Please retype every entry as written, and keep the pictures out.

Stored items from a collection:

════════════════

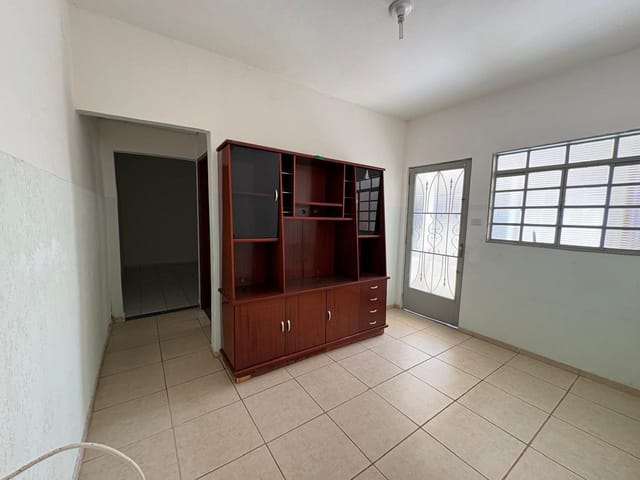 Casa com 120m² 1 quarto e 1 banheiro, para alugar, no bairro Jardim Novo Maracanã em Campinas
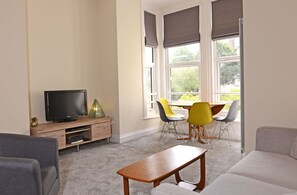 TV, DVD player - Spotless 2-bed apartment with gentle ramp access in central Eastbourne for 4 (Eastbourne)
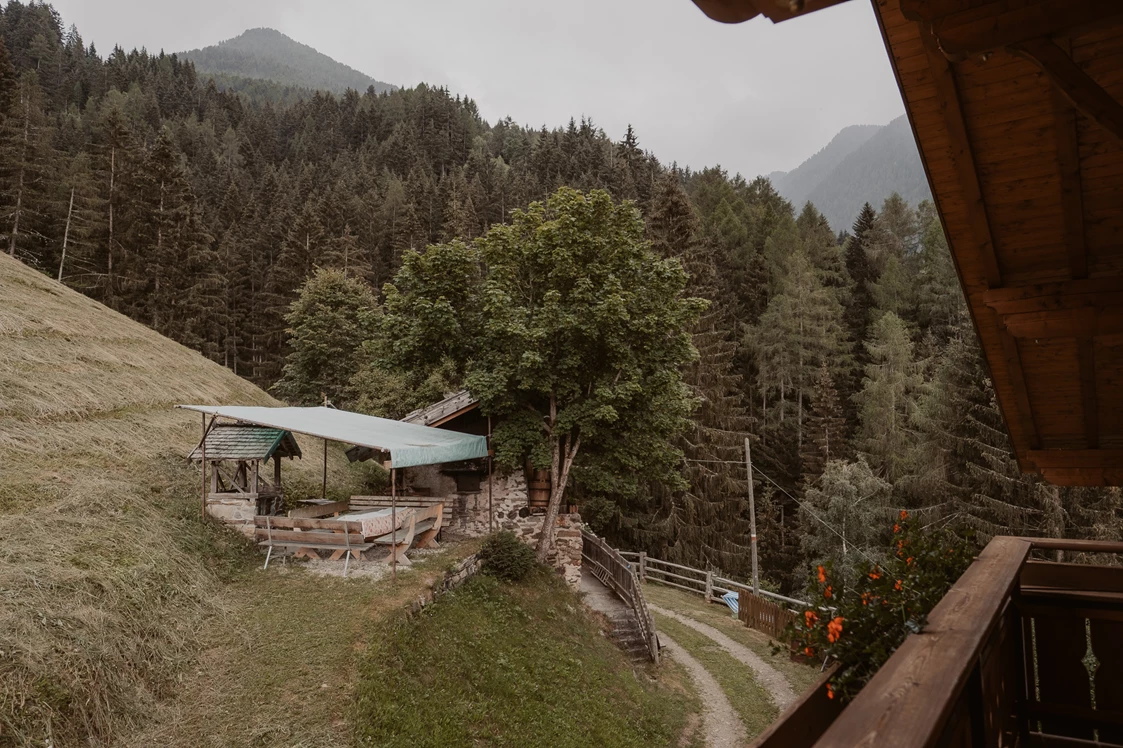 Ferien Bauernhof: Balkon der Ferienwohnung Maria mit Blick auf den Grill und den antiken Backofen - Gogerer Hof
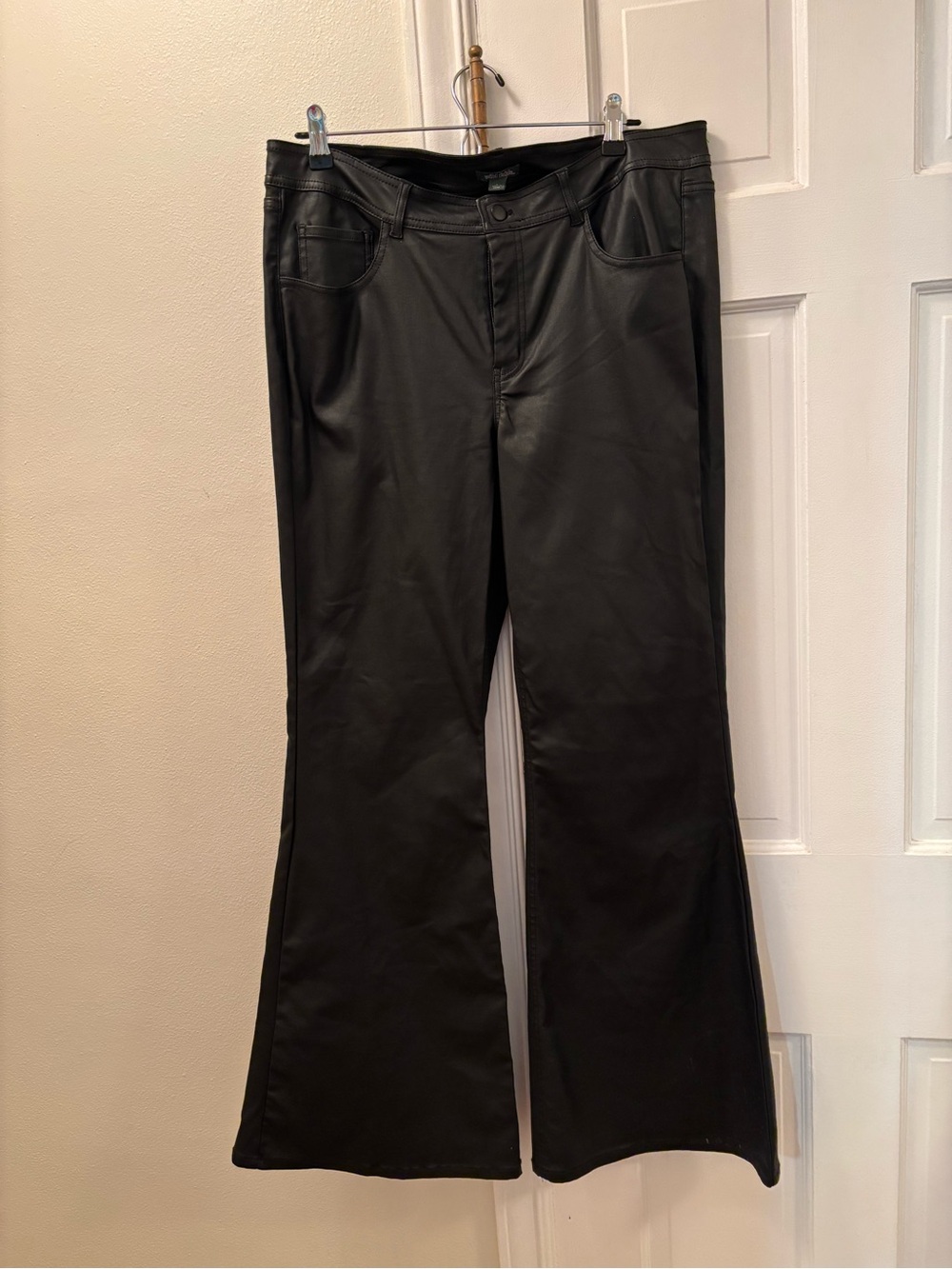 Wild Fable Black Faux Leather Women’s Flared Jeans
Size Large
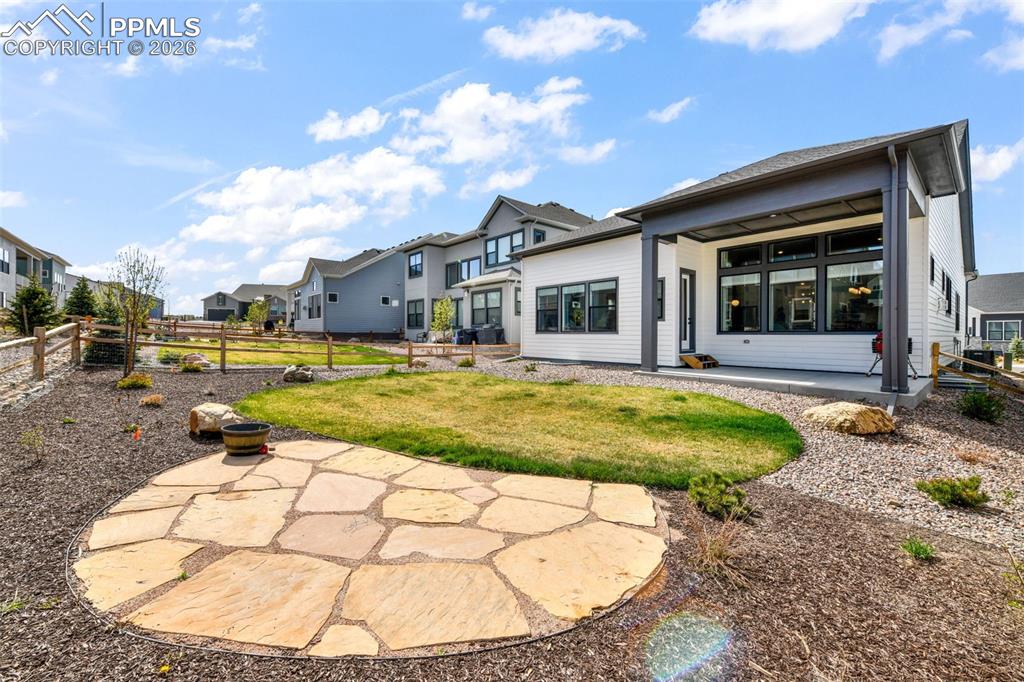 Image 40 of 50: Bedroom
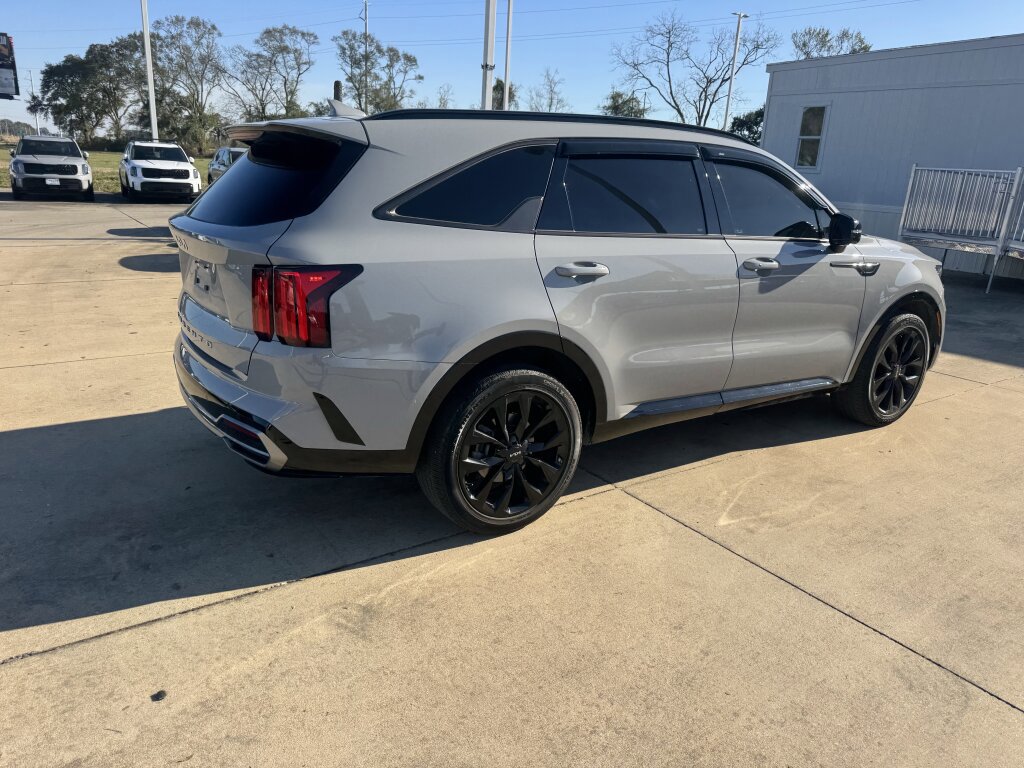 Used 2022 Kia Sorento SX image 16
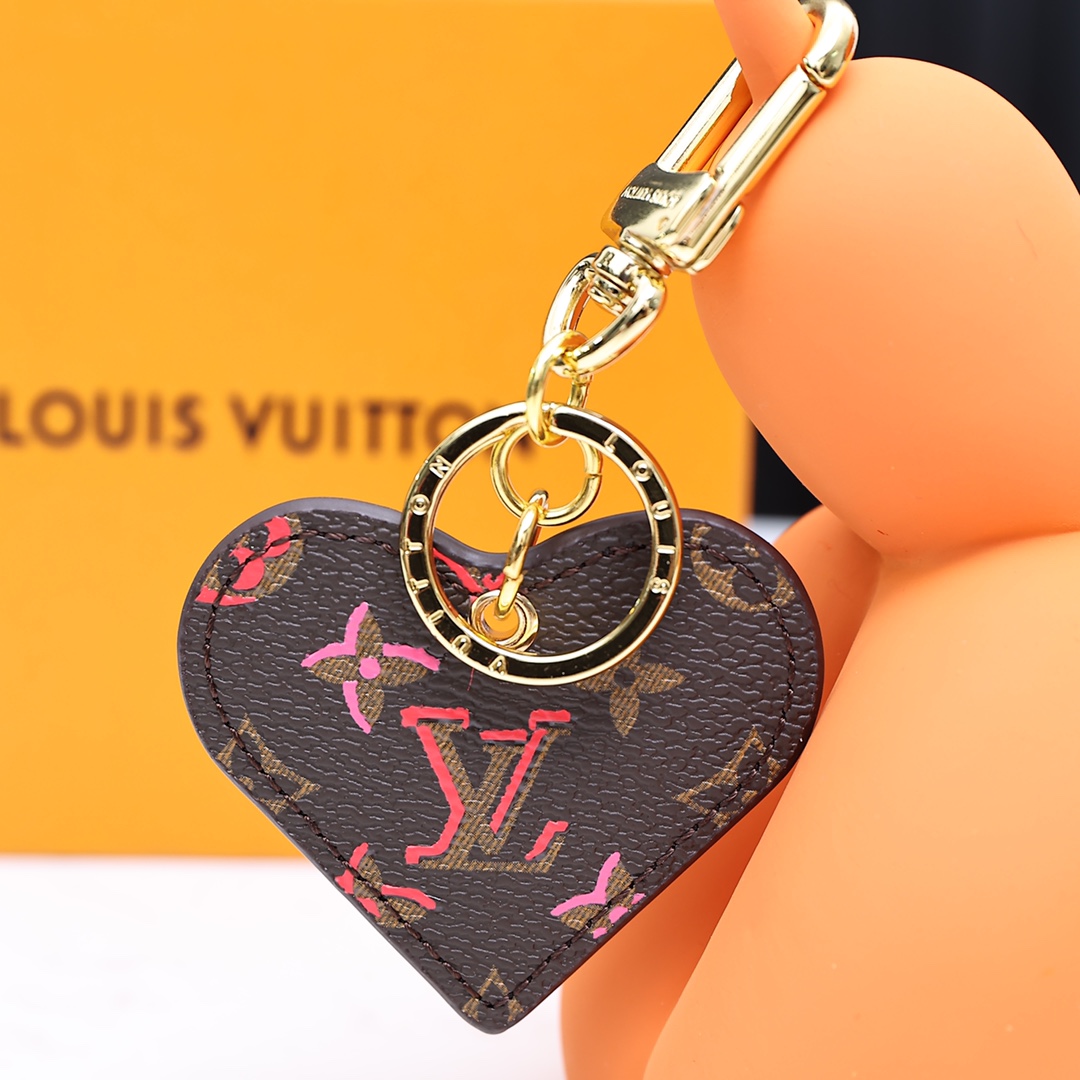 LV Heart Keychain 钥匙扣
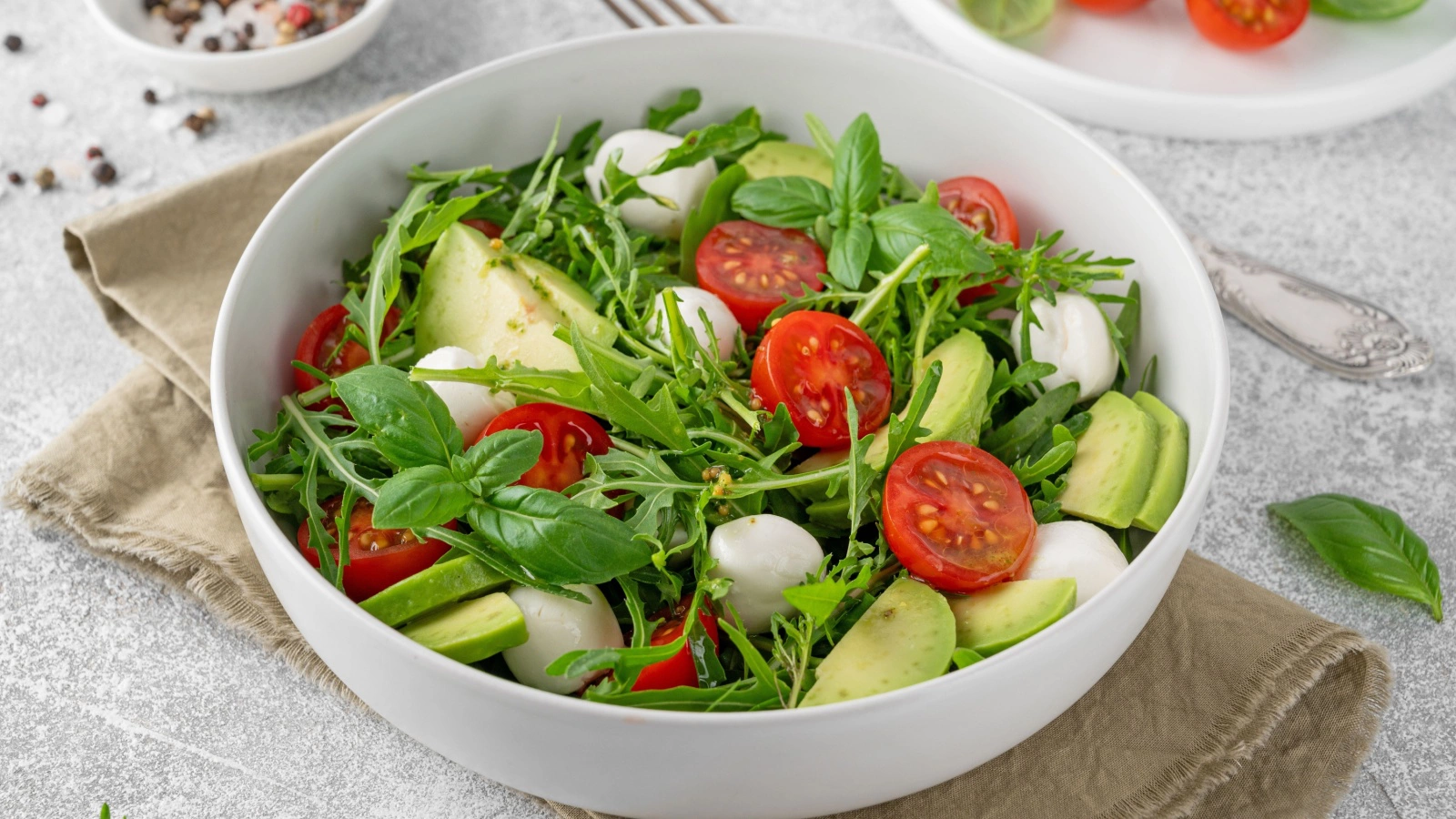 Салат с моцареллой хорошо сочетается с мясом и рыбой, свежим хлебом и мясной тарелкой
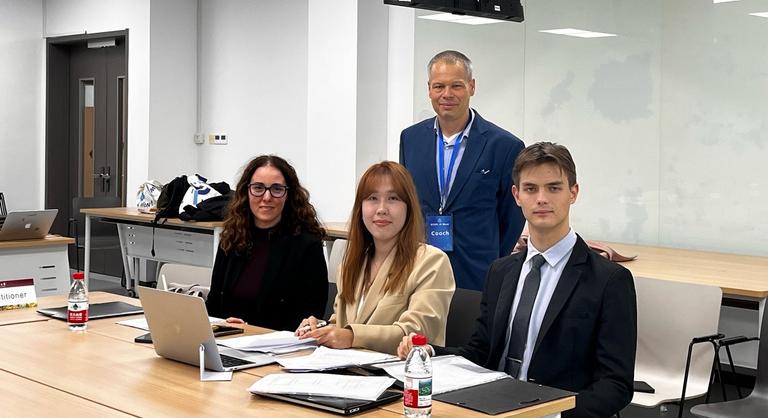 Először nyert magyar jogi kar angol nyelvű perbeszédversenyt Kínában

════════════════

OUTPUT BELOW:
 Casa com 120m² 1 quarto e 1 banheiro, para alugar, no bairro Jardim Novo Maracanã em Campinas
 TV, DVD player - Spotless 2-bed apartment with gentle ramp access in central Eastbourne for 4 (Eastbourne)
 Ferien Bauernhof: Balkon der Ferienwohnung Maria mit Blick auf den Grill und den antiken Backofen - Gogerer Hof
 Wild Fable Black Faux Leather Women’s Flared Jeans
Size Large
 Image 40 of 50: Bedroom
 Used 2022 Kia Sorento SX image 16
 LV Heart Keychain 钥匙扣
 Салат с моцареллой хорошо сочетается с мясом и рыбой, свежим хлебом и мясной тарелкой
 Először nyert magyar jogi kar angol nyelvű perbeszédversenyt Kínában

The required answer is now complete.